|Freight costs weigh down on disrupted businesses. Source: freepik.com |
Phan Van Viet, chairman of jeans and khaki producer Viet Thang Jean Co., Ltd. (VitaJean), said that the costs to ship goods in a shipping container have tripled during the global health crisis. The rate for a container from Vietnam to Europe has risen from $3,000 pre-pandemic to $10,000 last month, the highest on record. This has caused several obstacles for VitaJean’s export activities to overseas markets.
Viet further noted that despite rising shipping-container rates, the company could not increase selling prices with the contracts already signed before. High ocean-freight rates discourage customers to place new orders while some make slower payments than usual. As the situation continues to deteriorate, it is likely to weigh on the firm’s profit margin this year.
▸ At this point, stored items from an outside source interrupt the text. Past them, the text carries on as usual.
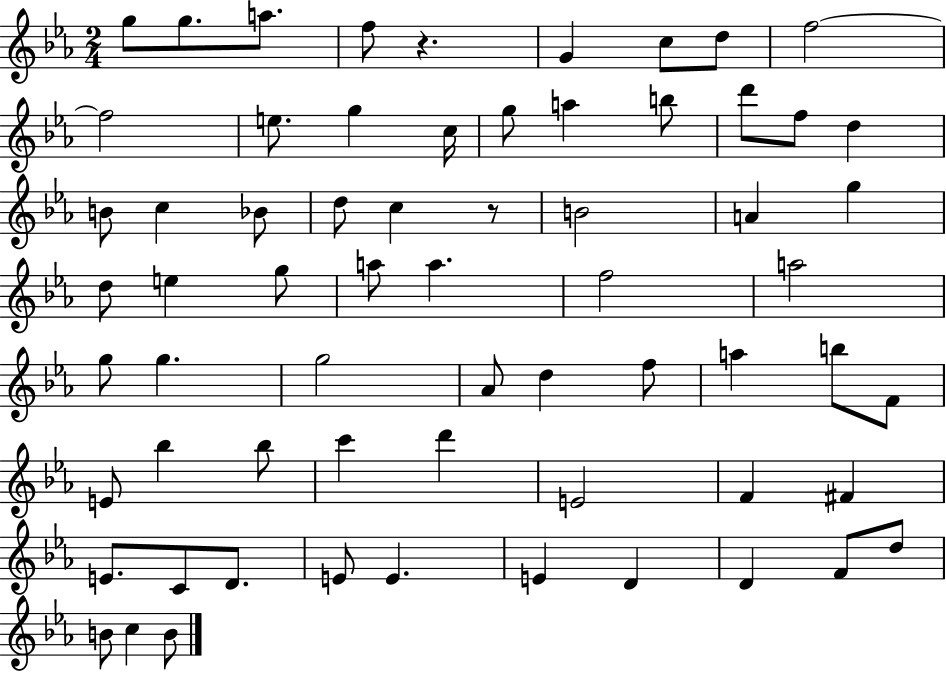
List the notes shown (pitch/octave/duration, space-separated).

G5/e G5/e. A5/e. F5/e R/q. G4/q C5/e D5/e F5/h F5/h E5/e. G5/q C5/s G5/e A5/q B5/e D6/e F5/e D5/q B4/e C5/q Bb4/e D5/e C5/q R/e B4/h A4/q G5/q D5/e E5/q G5/e A5/e A5/q. F5/h A5/h G5/e G5/q. G5/h Ab4/e D5/q F5/e A5/q B5/e F4/e E4/e Bb5/q Bb5/e C6/q D6/q E4/h F4/q F#4/q E4/e. C4/e D4/e. E4/e E4/q. E4/q D4/q D4/q F4/e D5/e B4/e C5/q B4/e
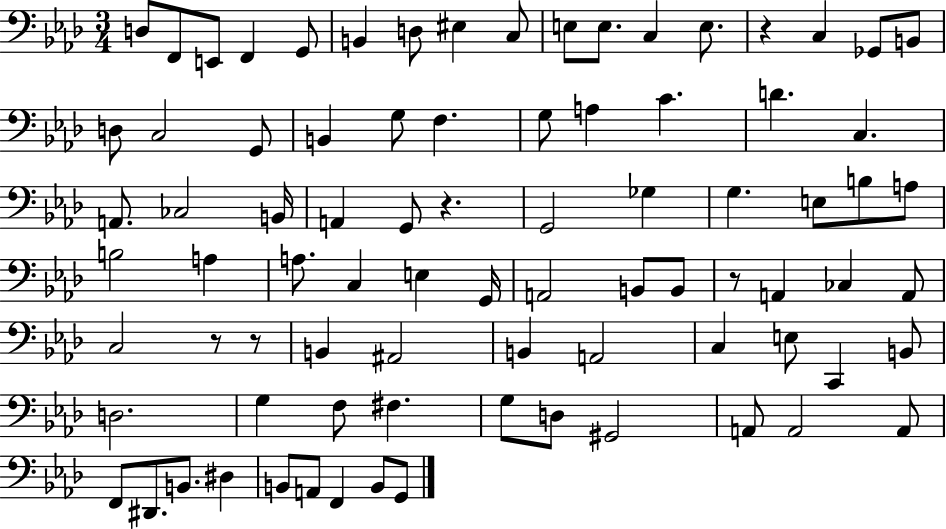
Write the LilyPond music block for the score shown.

{
  \clef bass
  \numericTimeSignature
  \time 3/4
  \key aes \major
  d8 f,8 e,8 f,4 g,8 | b,4 d8 eis4 c8 | e8 e8. c4 e8. | r4 c4 ges,8 b,8 | \break d8 c2 g,8 | b,4 g8 f4. | g8 a4 c'4. | d'4. c4. | \break a,8. ces2 b,16 | a,4 g,8 r4. | g,2 ges4 | g4. e8 b8 a8 | \break b2 a4 | a8. c4 e4 g,16 | a,2 b,8 b,8 | r8 a,4 ces4 a,8 | \break c2 r8 r8 | b,4 ais,2 | b,4 a,2 | c4 e8 c,4 b,8 | \break d2. | g4 f8 fis4. | g8 d8 gis,2 | a,8 a,2 a,8 | \break f,8 dis,8. b,8. dis4 | b,8 a,8 f,4 b,8 g,8 | \bar "|."
}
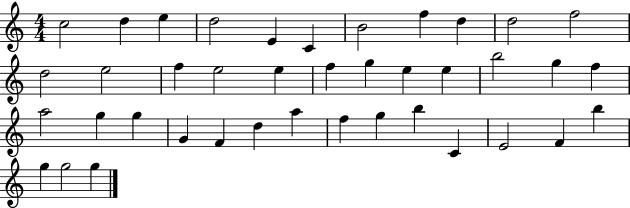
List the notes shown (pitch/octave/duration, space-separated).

C5/h D5/q E5/q D5/h E4/q C4/q B4/h F5/q D5/q D5/h F5/h D5/h E5/h F5/q E5/h E5/q F5/q G5/q E5/q E5/q B5/h G5/q F5/q A5/h G5/q G5/q G4/q F4/q D5/q A5/q F5/q G5/q B5/q C4/q E4/h F4/q B5/q G5/q G5/h G5/q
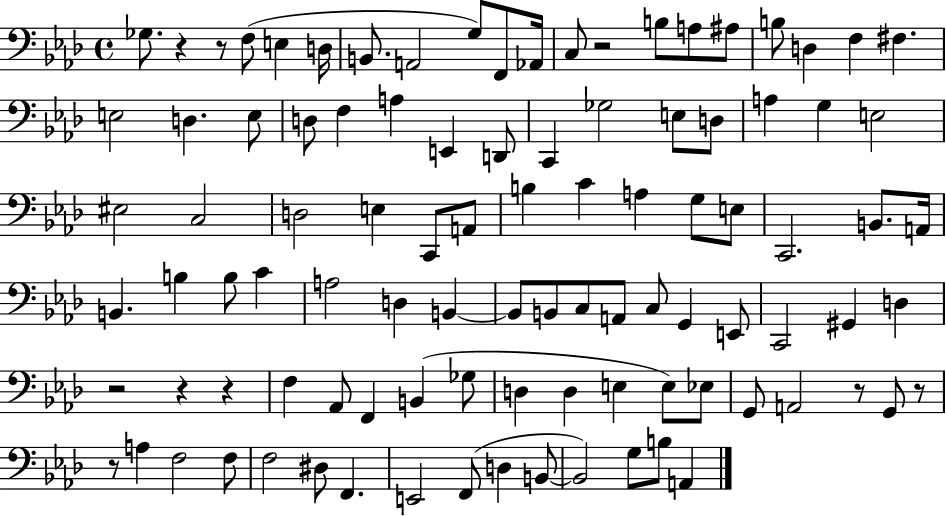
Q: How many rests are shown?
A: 9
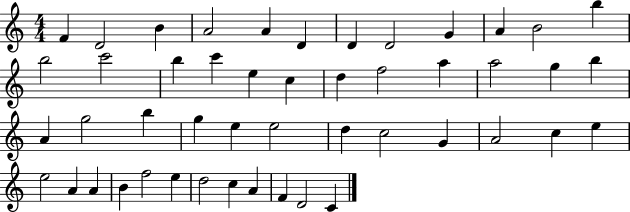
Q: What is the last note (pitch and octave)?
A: C4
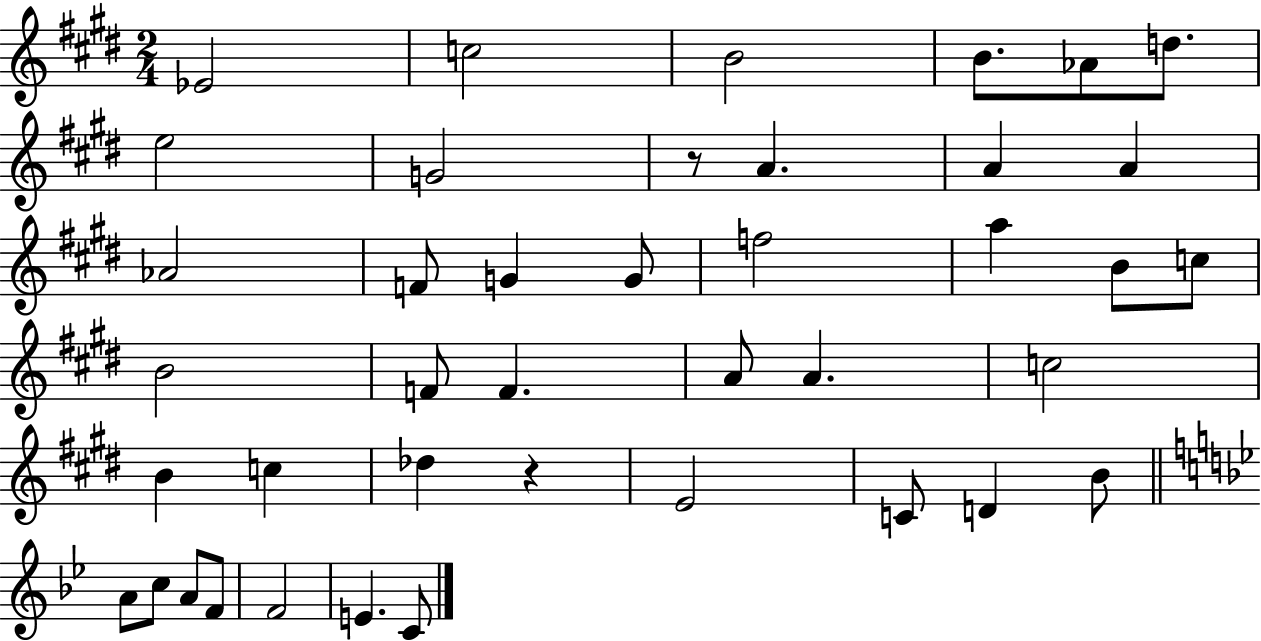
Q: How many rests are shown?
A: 2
Meanwhile, Nguyen Dinh Tung, general director of fruit exporter Vina T&T Group, told VIR, “We have dealt with the challenges caused by rising ocean freight rates since July last year. This year, the company has to pay $6,000 per container to export its goods from Vietnam to the United States, which is three times higher than the rate of $1,800-2,000 last year. Headwinds in ocean freight result in several challenges including rising expenses and higher prices, which in turn lowers the competitiveness of made-in-Vietnam products.”
Although international carriers raise the freight rates, there is still strong demand in the market. Many companies accept higher fees to export their products from Vietnam to the US and Europe. While this trend hurts exporters and importers, ocean carriers are enjoying growing profits.
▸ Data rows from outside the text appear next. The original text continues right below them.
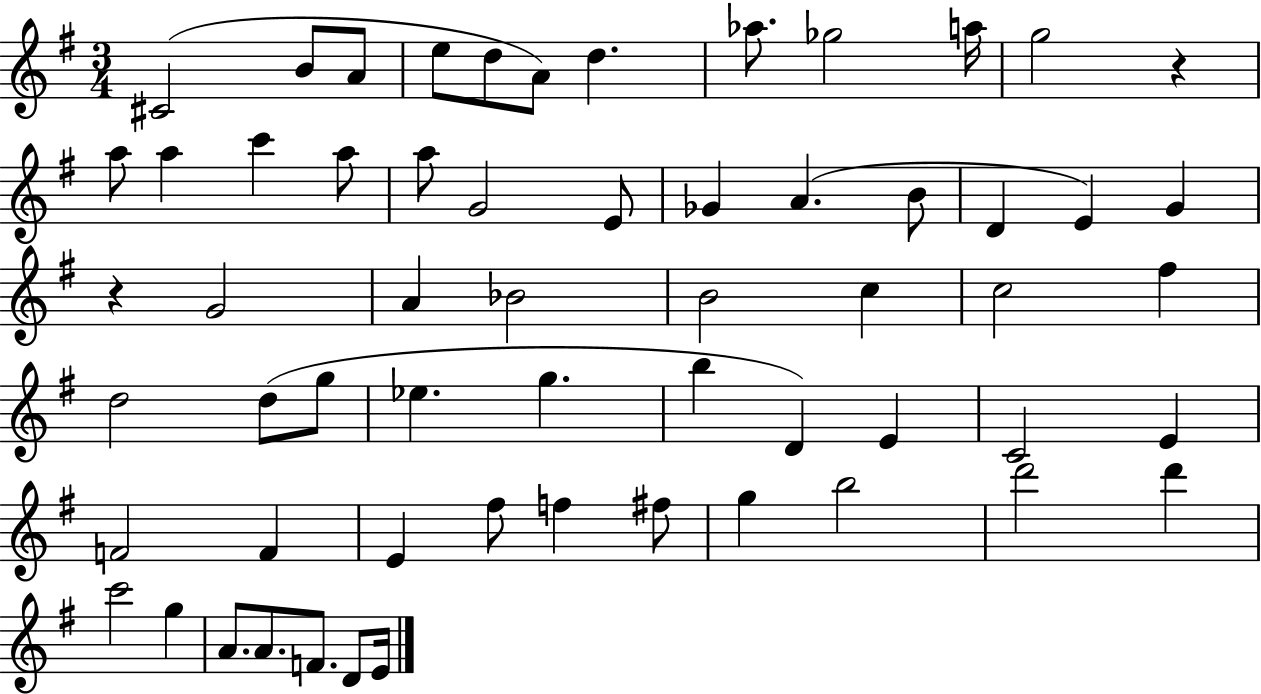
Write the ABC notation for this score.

X:1
T:Untitled
M:3/4
L:1/4
K:G
^C2 B/2 A/2 e/2 d/2 A/2 d _a/2 _g2 a/4 g2 z a/2 a c' a/2 a/2 G2 E/2 _G A B/2 D E G z G2 A _B2 B2 c c2 ^f d2 d/2 g/2 _e g b D E C2 E F2 F E ^f/2 f ^f/2 g b2 d'2 d' c'2 g A/2 A/2 F/2 D/2 E/4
“While companies are struggling with the difficulties from another major outbreak in Vietnam, the rise of seaborne-freight costs sees no sign of cooling down. Thus, I hope that the government can work with foreign ocean carriers to address this problem soon,” Tung added.
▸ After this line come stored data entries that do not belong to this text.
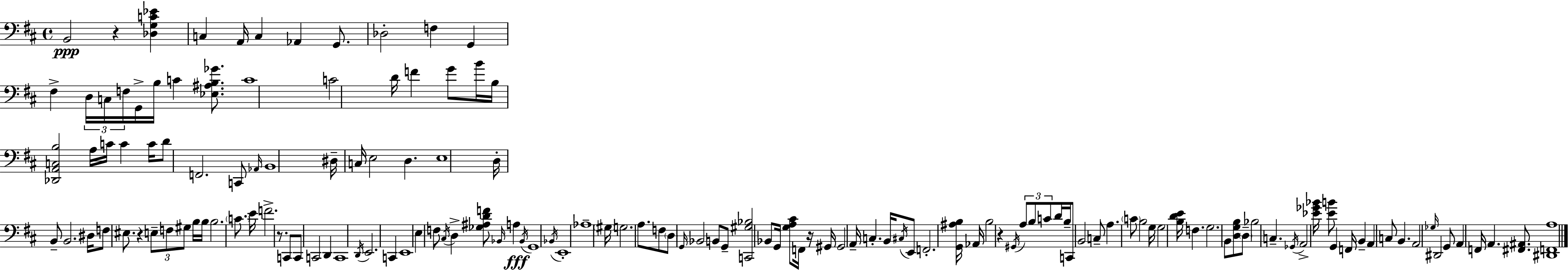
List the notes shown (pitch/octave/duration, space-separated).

B2/h R/q [Db3,G3,C4,Eb4]/q C3/q A2/s C3/q Ab2/q G2/e. Db3/h F3/q G2/q F#3/q D3/s C3/s F3/s G2/s B3/s C4/q [Eb3,A#3,B3,Gb4]/e. C4/w C4/h D4/s F4/q G4/e B4/s B3/s [Db2,A2,C3,B3]/h A3/s C4/s C4/q C4/s D4/e F2/h. C2/e Ab2/s B2/w D#3/s C3/s E3/h D3/q. E3/w D3/s B2/e B2/h. D#3/s F3/e EIS3/e. R/q E3/e F3/e G#3/e B3/s B3/s B3/h. C4/e. E4/s F4/h. R/e. C2/e C2/e C2/h D2/q C2/w D2/s E2/h. C2/q E2/w E3/q F3/e C#3/s D3/q [Gb3,A#3,D4,F4]/e Bb2/s A3/q Bb2/s G2/w Bb2/s E2/w Ab3/w G#3/s G3/h. A3/e. F3/e D3/e G2/s Bb2/h B2/e G2/e [C2,G#3,Bb3]/h Bb2/e G2/s [G3,A3,C#4]/e F2/s R/s G#2/s G#2/h A2/s C3/q. B2/s C#3/s E2/e F2/h. [G2,A#3,B3]/s Ab2/s B3/h R/q G#2/s A3/e B3/e C4/e D4/s B3/s C2/e B2/h C3/e A3/q. C4/e B3/h G3/s G3/h [B3,D4,E4]/s F3/q. G3/h. B2/e [D3,G3,B3]/e D3/e Bb3/h C3/q. Gb2/s A2/h [Eb4,Gb4,Bb4]/s [Eb4,B4]/e G2/q F2/s B2/q A2/q C3/e B2/q. A2/h Gb3/s D#2/h G2/e A2/q F2/s A2/q. [F#2,A#2]/e. [D#2,F2,A3]/w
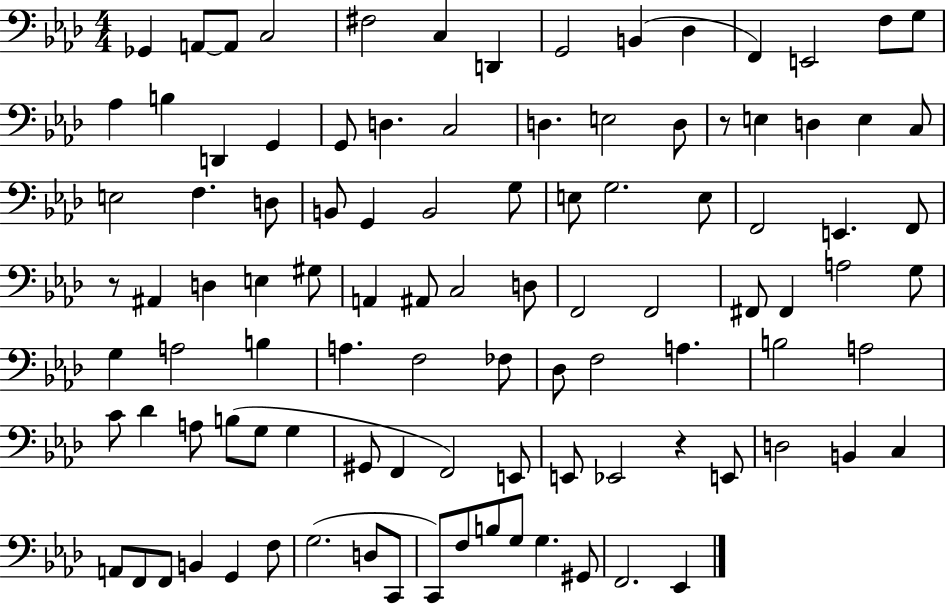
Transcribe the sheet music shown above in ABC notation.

X:1
T:Untitled
M:4/4
L:1/4
K:Ab
_G,, A,,/2 A,,/2 C,2 ^F,2 C, D,, G,,2 B,, _D, F,, E,,2 F,/2 G,/2 _A, B, D,, G,, G,,/2 D, C,2 D, E,2 D,/2 z/2 E, D, E, C,/2 E,2 F, D,/2 B,,/2 G,, B,,2 G,/2 E,/2 G,2 E,/2 F,,2 E,, F,,/2 z/2 ^A,, D, E, ^G,/2 A,, ^A,,/2 C,2 D,/2 F,,2 F,,2 ^F,,/2 ^F,, A,2 G,/2 G, A,2 B, A, F,2 _F,/2 _D,/2 F,2 A, B,2 A,2 C/2 _D A,/2 B,/2 G,/2 G, ^G,,/2 F,, F,,2 E,,/2 E,,/2 _E,,2 z E,,/2 D,2 B,, C, A,,/2 F,,/2 F,,/2 B,, G,, F,/2 G,2 D,/2 C,,/2 C,,/2 F,/2 B,/2 G,/2 G, ^G,,/2 F,,2 _E,,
According to the Vietnam Logistics Association (VLA), the spike in ocean freight rates comes from the fluctuating supply and demand in the market. US and European importers are ramping up the restocking of goods to serve the surging consumption demand. Meanwhile, the pandemic has disrupted the trade flow and affected the turnaround time of container vessels, which results in a shortage of empty containers. Thus, freight costs are projected to wind down when the demand for imports go down.
According to data from container liner Maersk, due to the pandemic there was a precipitous drop in the demand for container services in the second quarter of 2020. The demand plunged from 2.2 per cent in the preceding quarter to minus 8.3 per cent.
Starting from the second half of 2020, the restocking in the US and Europe has been raising demand whilst global measures to contain the pandemic have been causing severe strains across the supply chain, from a lack of vessels, containers, and trucks to significantly reduced productivity across ports, warehouses, and inland terminals.
And on top of these bottlenecks in the global supply chain, issues like the Suez Canal blockage and Yantian Port closure continue to put pressure on supply chains. A spokesperson from Maersk explained that the current market situation is exceptional. The current supply/demand picture has caused freight rates to spike, also driven by increased network costs from less efficient vessel operations, steep increases in charter rates, and box prices as well as alternative solutions to support customer supply chains.
“Equipment supply and the repositioning of empty containers remains a concern, but to further lessen the impact on our customers’ supply chains, given the extraordinary market conditions triggered by the global pandemic, we are accelerating the injection of new dry containers into our fleet,” she added. “By the end of the second quarter, we will have added around 260,000 twenty-foot equivalent units (TEU). This comes after the 400,000 TEUs already added to our fleet from July 2020 to January. We also have deployed all available vessels in our fleet and chartered in all available capacity.”
The Drewry World Container Index released on May 27 showed the rate for a 40-foot container from Asia to the Europe shot above $10,000 for the first time on record. Industry insiders predict that the trend of high freight costs will continue to the third quarter of 2021, impacting exporters’ business results.